■ DATA RECORDS

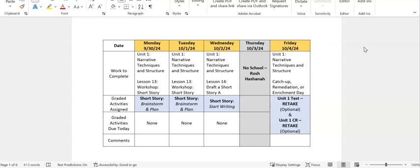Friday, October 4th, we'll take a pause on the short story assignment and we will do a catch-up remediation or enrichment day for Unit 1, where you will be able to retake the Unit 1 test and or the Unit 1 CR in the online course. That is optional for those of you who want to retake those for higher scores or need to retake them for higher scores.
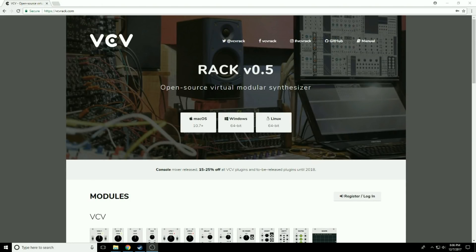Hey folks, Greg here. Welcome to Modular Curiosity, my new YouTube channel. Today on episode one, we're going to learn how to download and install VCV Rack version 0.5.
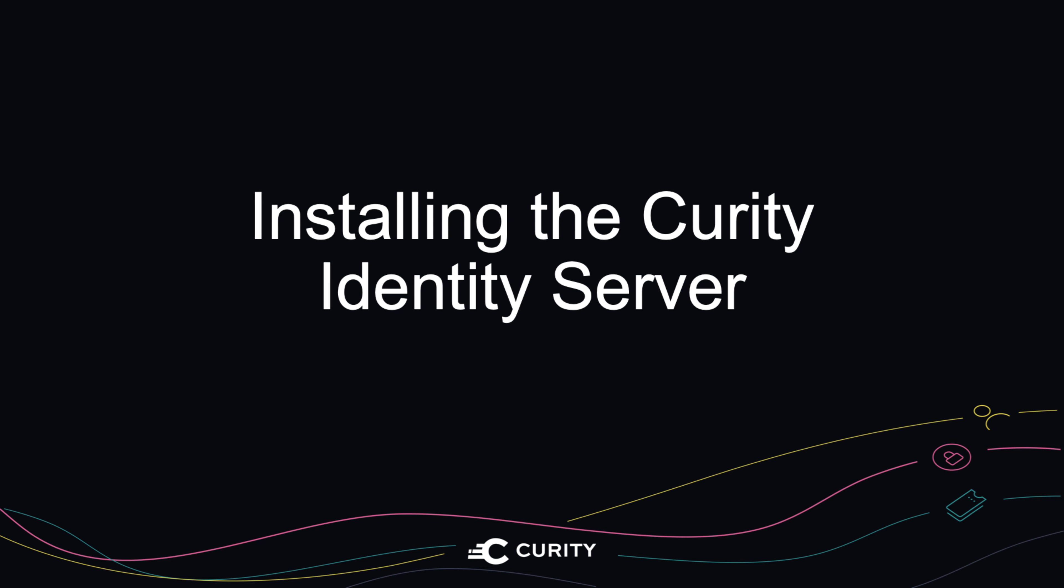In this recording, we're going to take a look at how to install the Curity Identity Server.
---
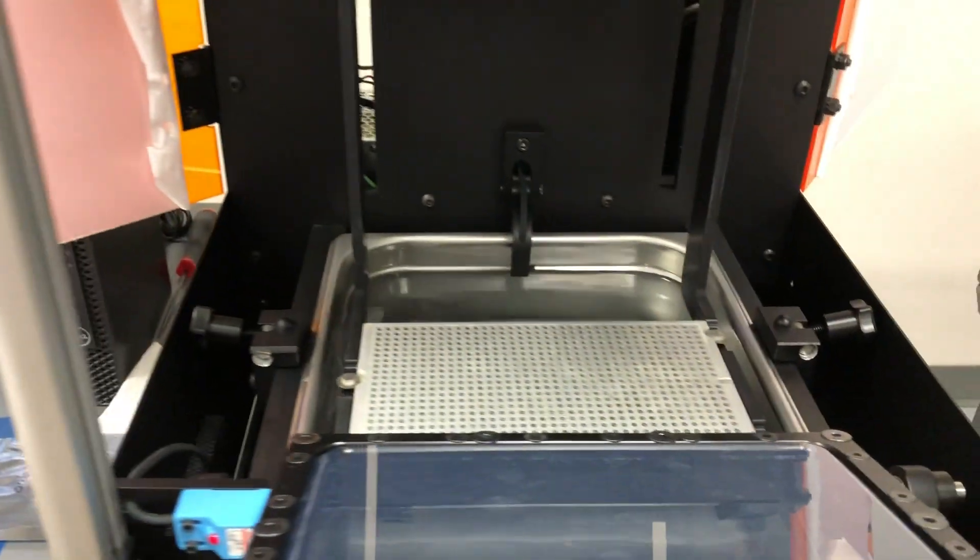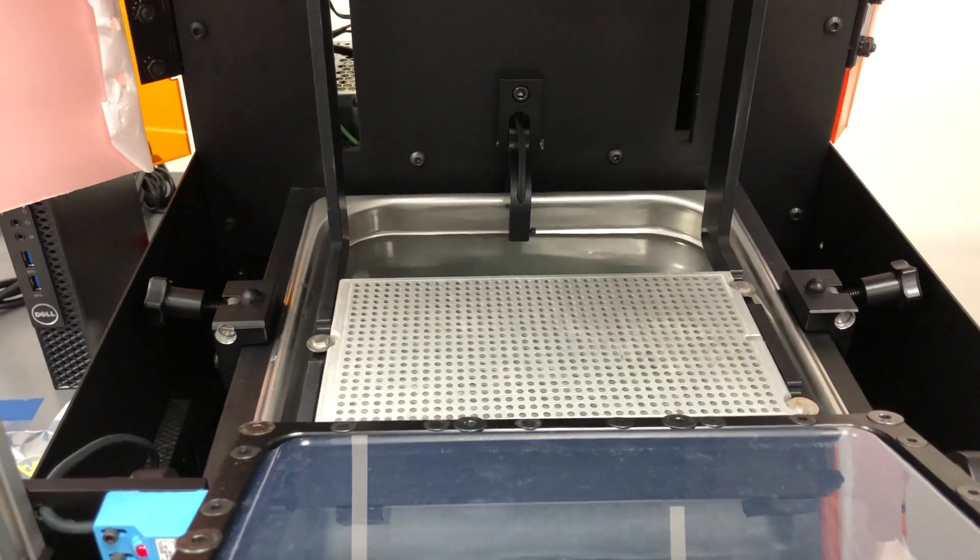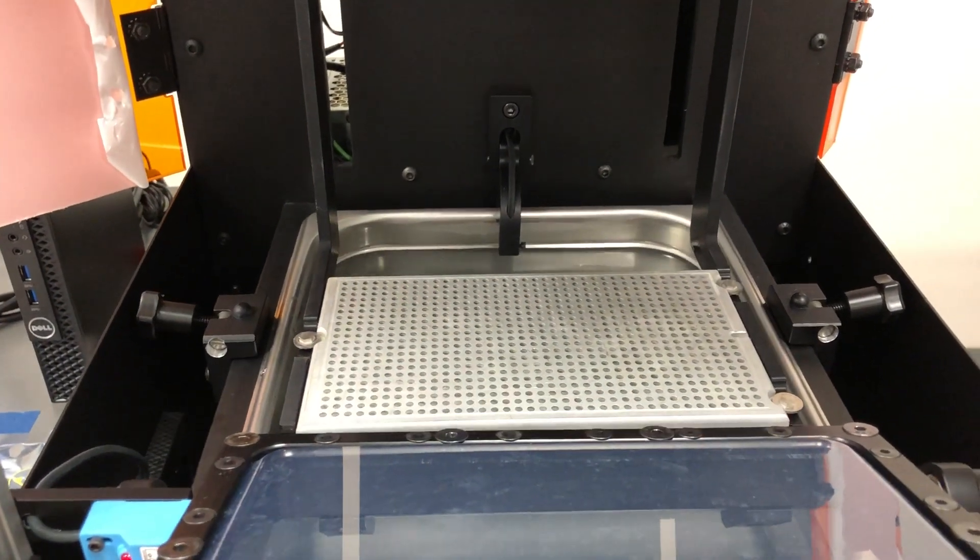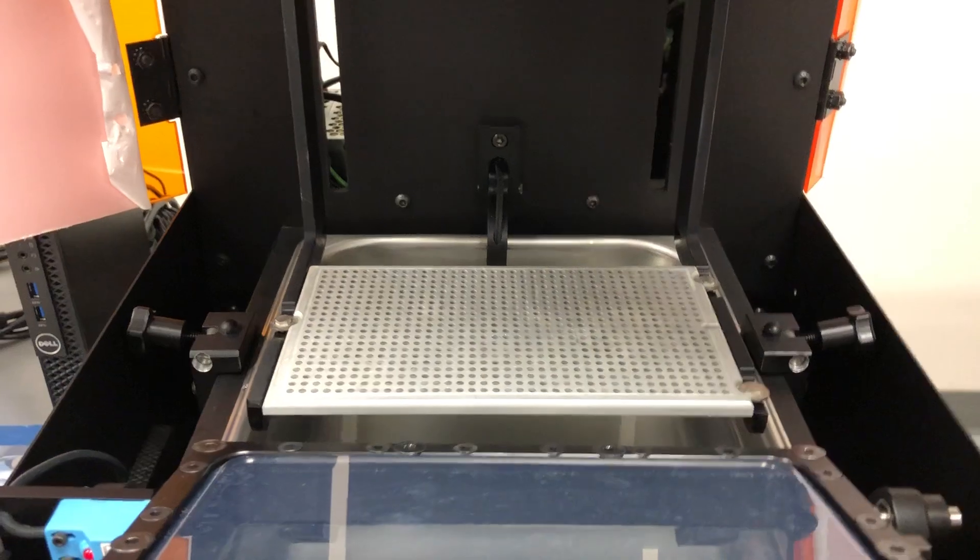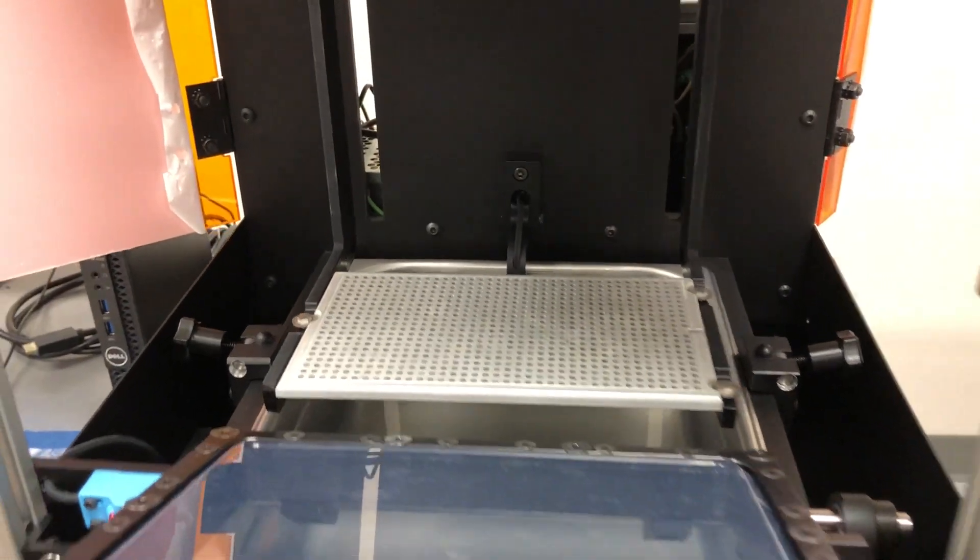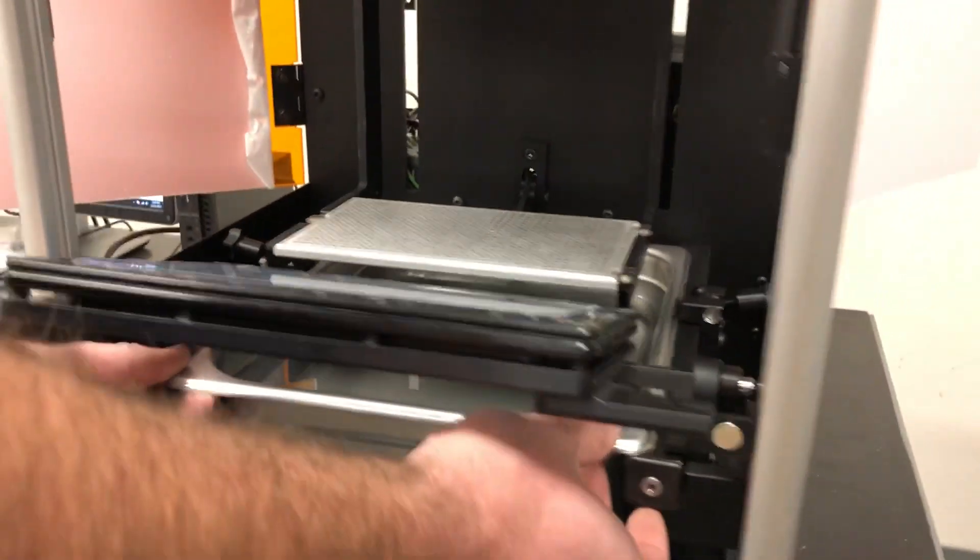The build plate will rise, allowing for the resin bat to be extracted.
* * *
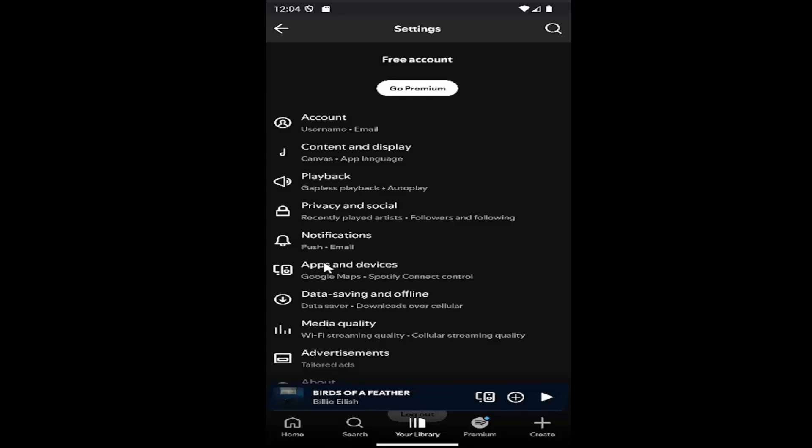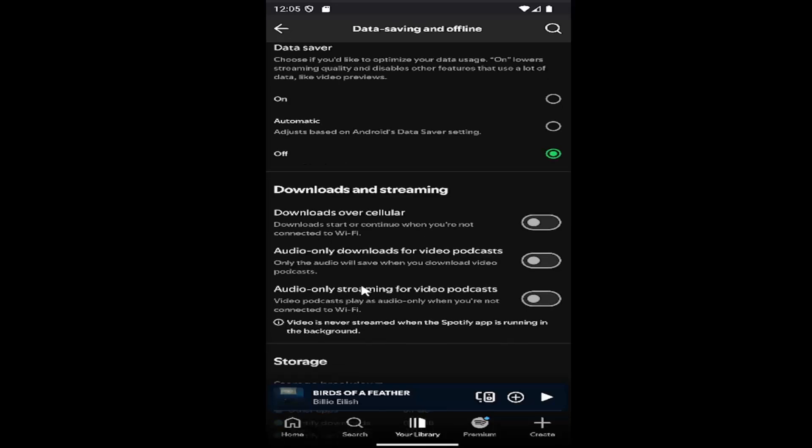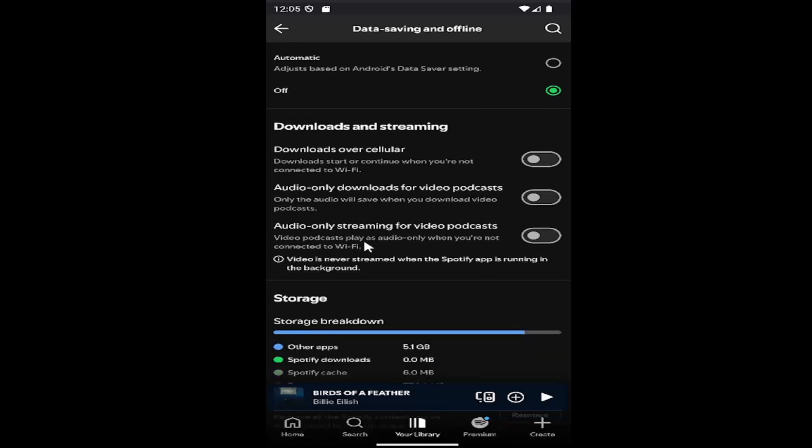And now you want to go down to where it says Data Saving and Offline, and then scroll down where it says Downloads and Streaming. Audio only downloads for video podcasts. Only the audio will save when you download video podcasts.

■ EXERCISE DETAILS
After locating "Hey folks, Greg" and "In this recording, we're" in the records above, return exactly the line holding each one and every line between them; leave out the pictures.

■ EXERCISE RESULT
Hey folks, Greg here. Welcome to Modular Curiosity, my new YouTube channel. Today on episode one, we're going to learn how to download and install VCV Rack version 0.5.
In this recording, we're going to take a look at how to install the Curity Identity Server.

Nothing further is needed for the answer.